»»
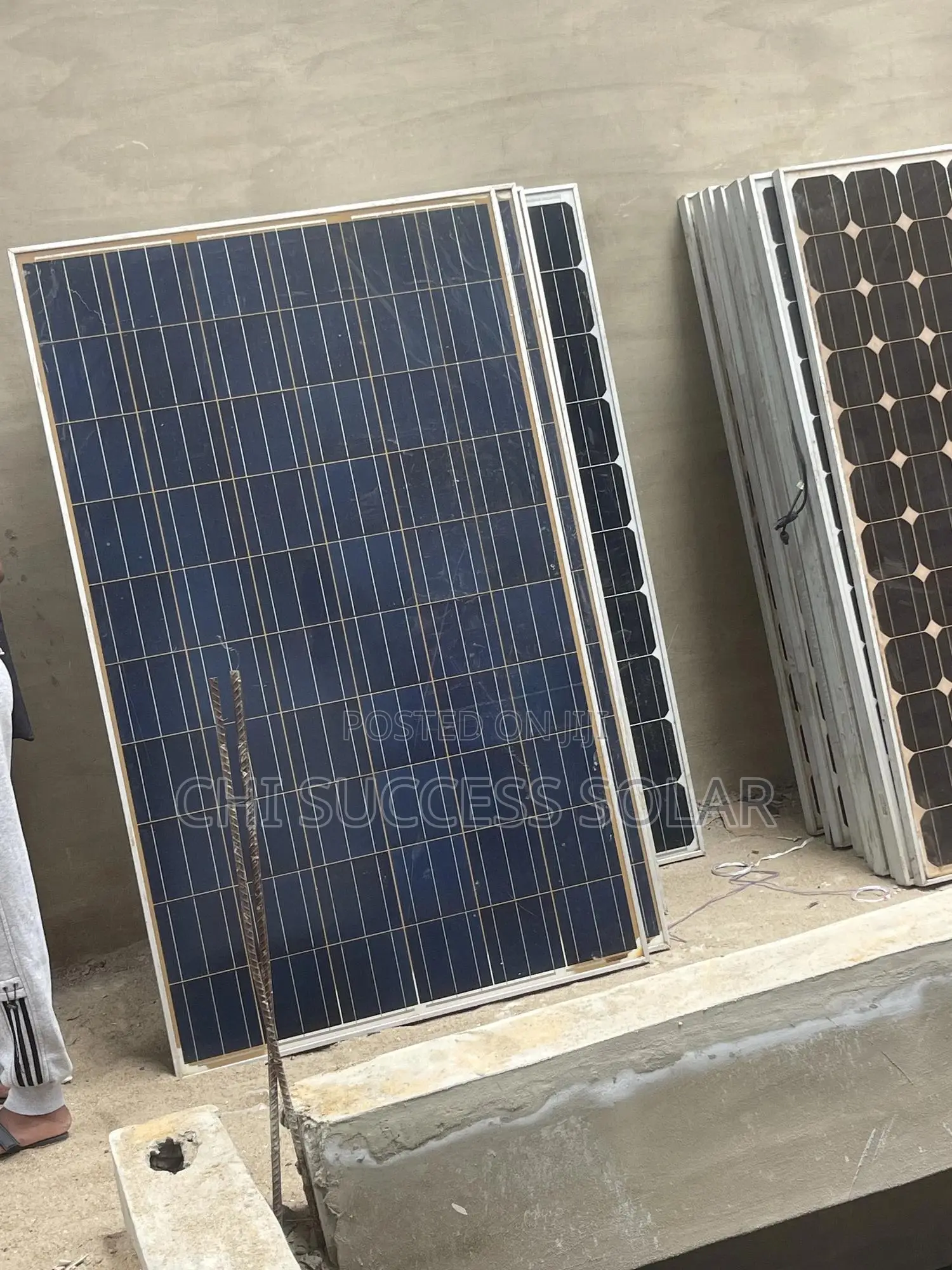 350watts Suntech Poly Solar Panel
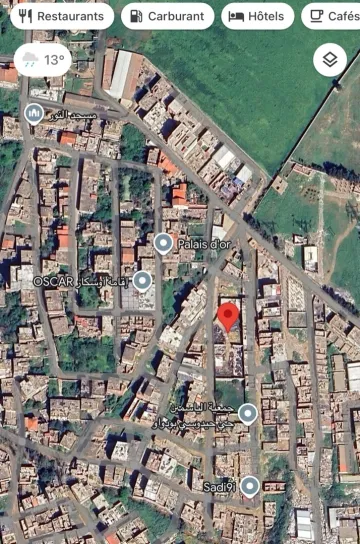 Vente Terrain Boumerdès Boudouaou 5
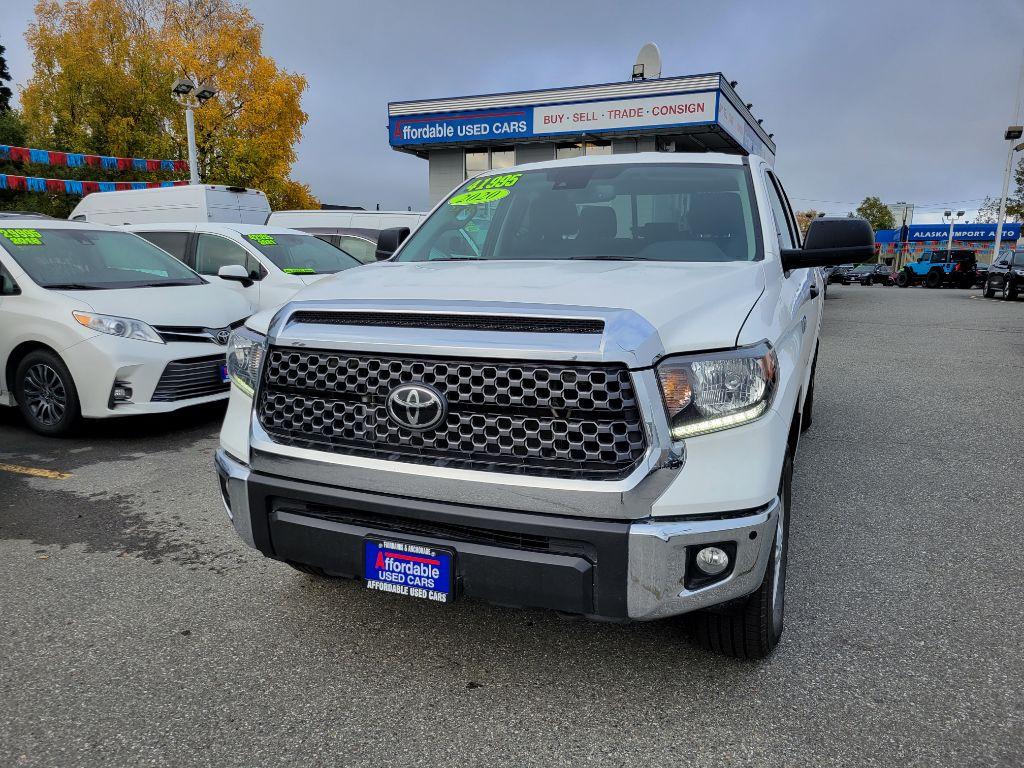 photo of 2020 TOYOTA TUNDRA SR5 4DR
««
* **PROBLEM DETAILS**:
In the data above, find the line containing "Vente Terrain Boumerdès Boudouaou 5"; from there, please write out each line through the end, exactly, with the pictures omitted.

* **ANSWER SECTION**:
 Vente Terrain Boumerdès Boudouaou 5
 photo of 2020 TOYOTA TUNDRA SR5 4DR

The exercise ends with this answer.